In an attempt to improve the speed of function calls, we:
1. Hold a single "zombie" frame on each code object. This retains
the allocated and initialised frame object from an invocation of
the code object. The zombie is reanimated the next time we need a
frame object for that code object. Doing this saves the malloc/
realloc required when using a free_list frame that isn't the
correct size. It also saves some field initialisation.
In zombie mode, no field of PyFrameObject holds a reference, but
the following fields are still valid:
* ob_type, ob_size, f_code, f_valuestack;
* f_locals, f_trace are NULL;
* f_localsplus does not require re-allocation and
the local variables in f_localsplus are NULL.
What this design means is that the struct member f_localsplus is created at the time that the code_object is created. (The code object is created when the function is first encountered) So it means that all local variable names must be defined at that point in time the function is defined so that these variables can be stored in this part of the frameobject structure. Not needing to constantly calculate the number of local variables to allocate and deallocate the memory needed for the function call is a significant win. This way the function when called doesn't need to find the local variables, they are already there and they just need to be populated with the values. As a result of this optimization from mod import * must be made illegal within the function scope and hence this is why the syntax error is raised.

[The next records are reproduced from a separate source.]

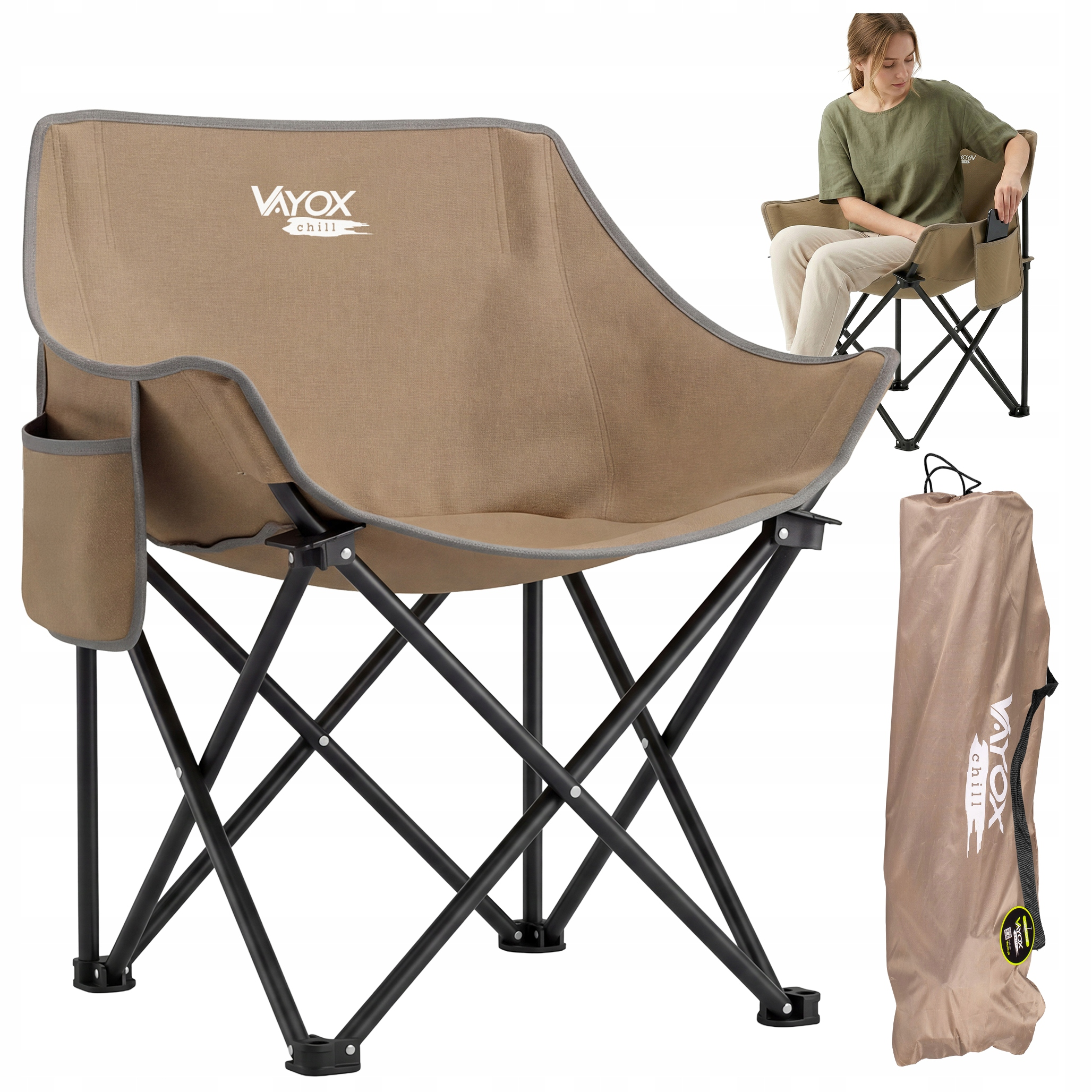 Brązowe krzesło kempingowe z szarym wykończeniem, bocznymi kieszeniami i czarną ramą.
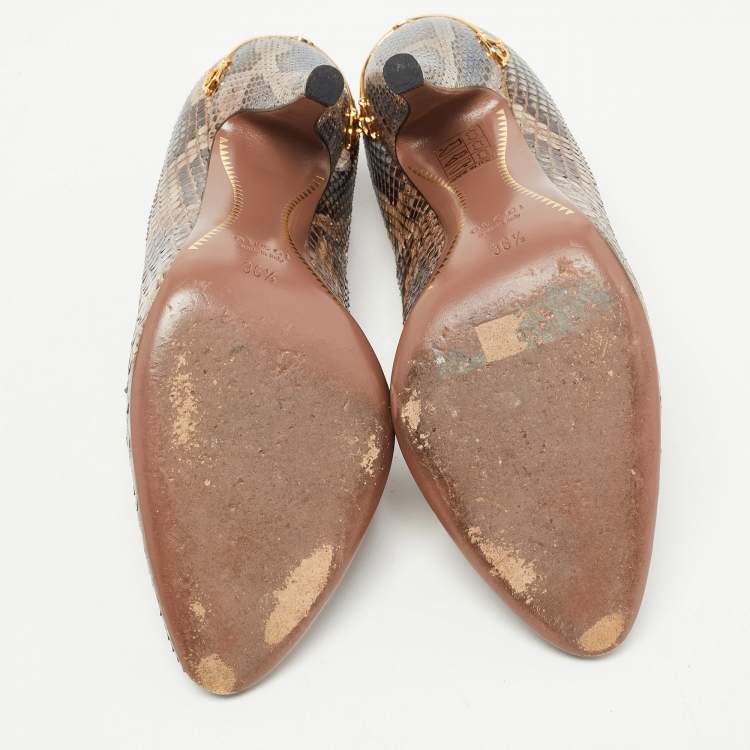 مملوكة مسبقًا Gucci Two Tone Python Leather Platform Pumps Size 36.5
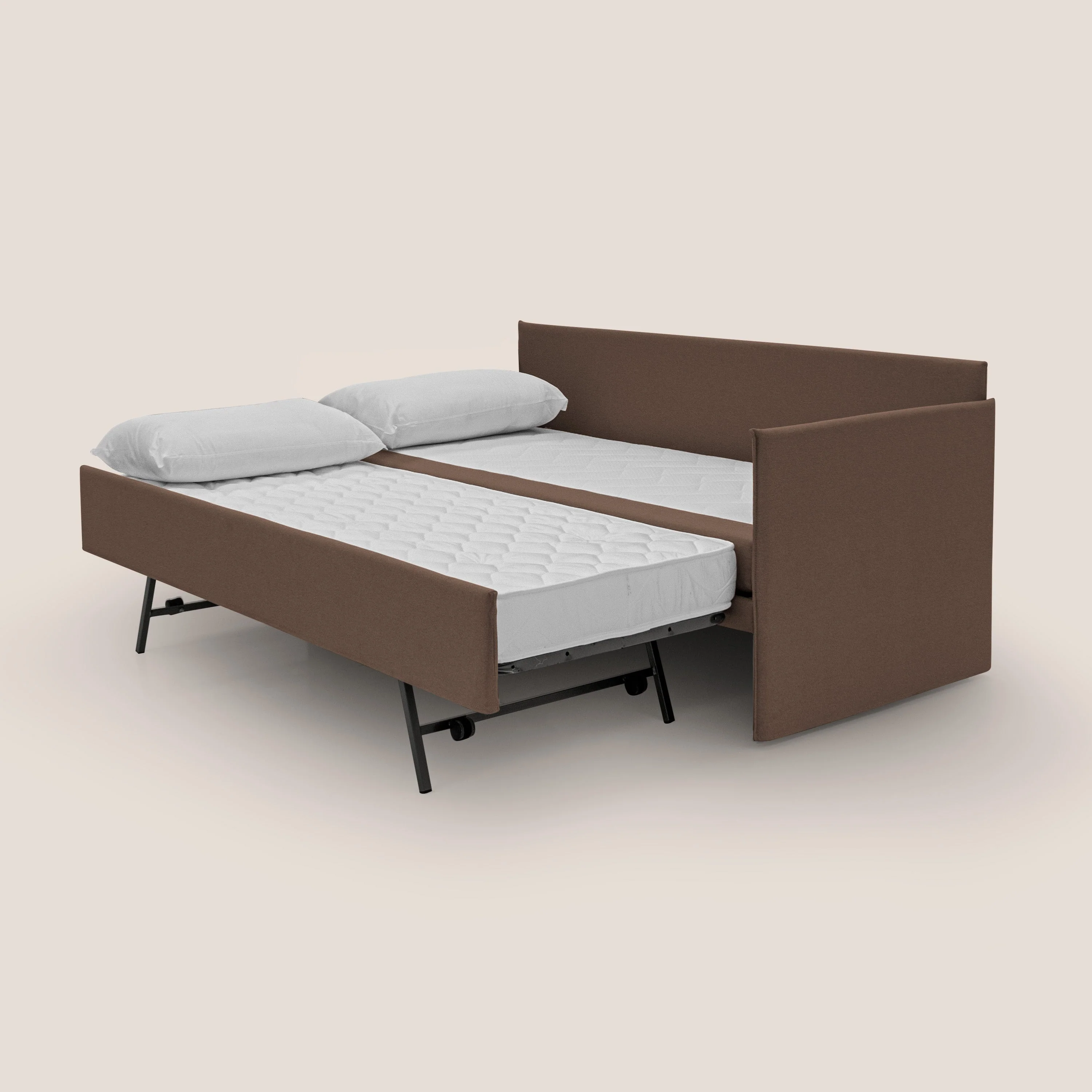 Durini Canapé duplex avec lits jumeaux et tissu effet coton imperméable T13 marron - Image 4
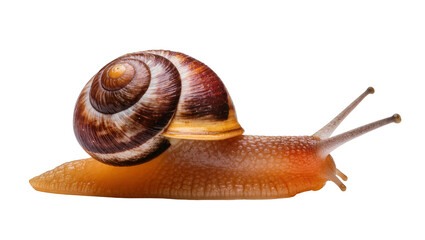 Garden snail with brown spiral shell and orange body © Luca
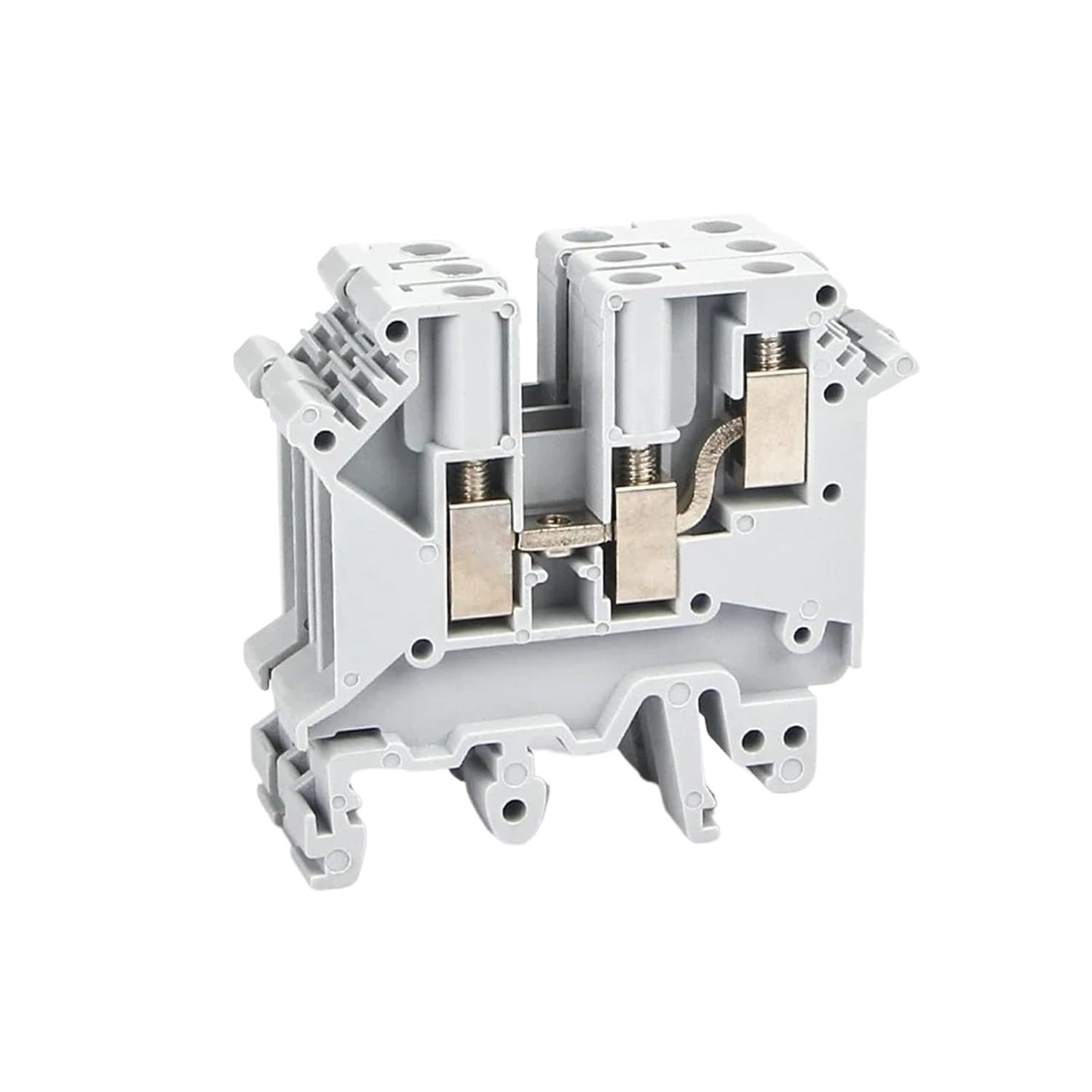UK-5-TWIN DIN Terminal 10Pcs Multi Conductor 3 Inputs Screw 24A 500V One in Two Out Distribution Block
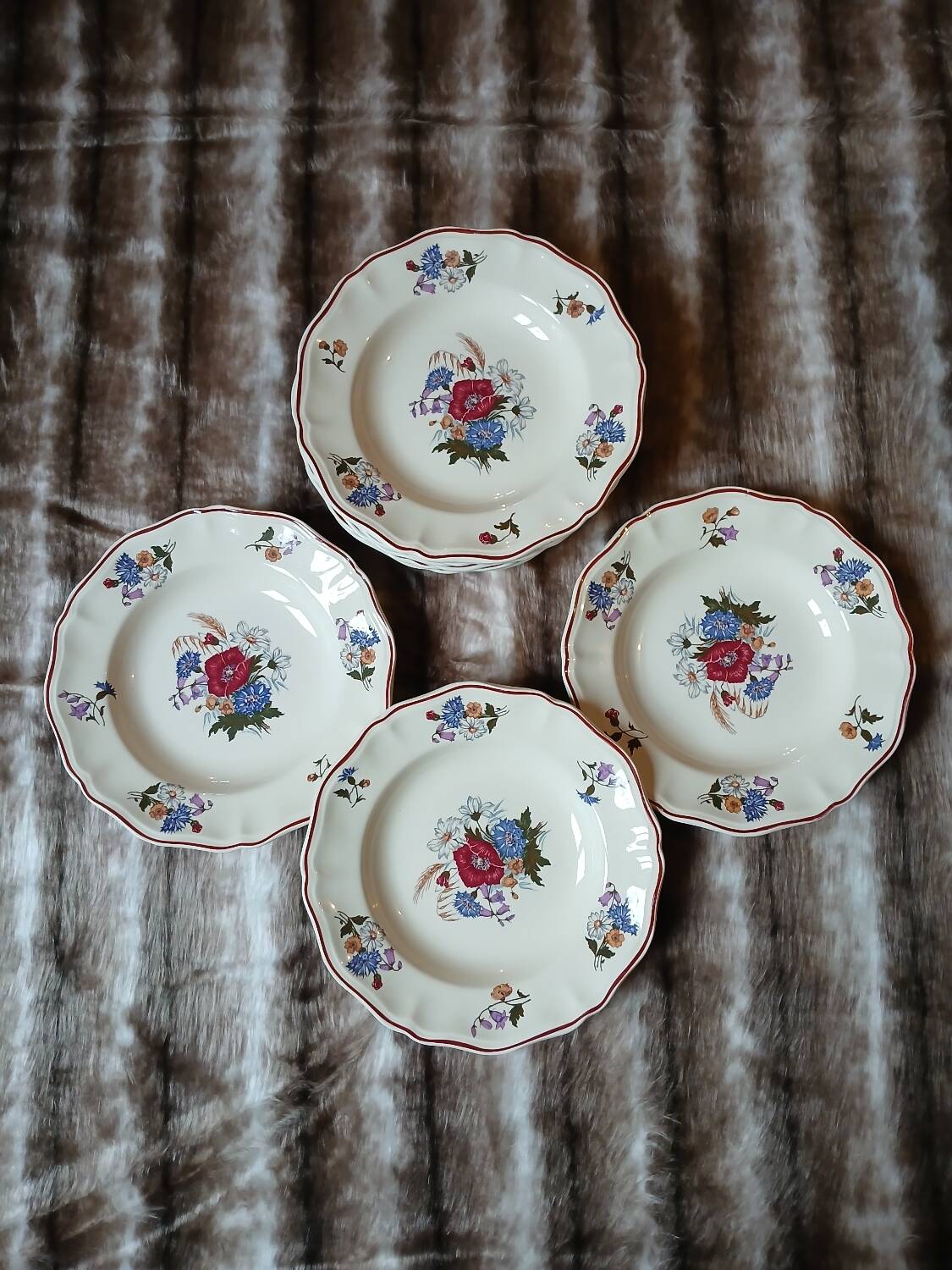 7 antique deep plates from Digoin and Sarreguemines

For an example of some implementation code that requires this in Objects/frameobject.c:
static void _Py_HOT_FUNCTION frame_dealloc(PyFrameObject *f) { PyObject **p, **valuestack; PyCodeObject *co; if (_PyObject_GC_IS_TRACKED(f)) _PyObject_GC_UNTRACK(f); Py_TRASHCAN_SAFE_BEGIN(f) /* Kill all local variables */ valuestack = f->f_valuestack; for (p = f->f_localsplus; p < valuestack; p++) Py_CLEAR(*p);
This fast clearing of locals to enable stack frame reuse can only work if f_localsplus is always the same size. If the size could be different between stack frames a lot more checks would have to be inserted, but as discussed above this would be a performance hit in a very critical part of the implementation.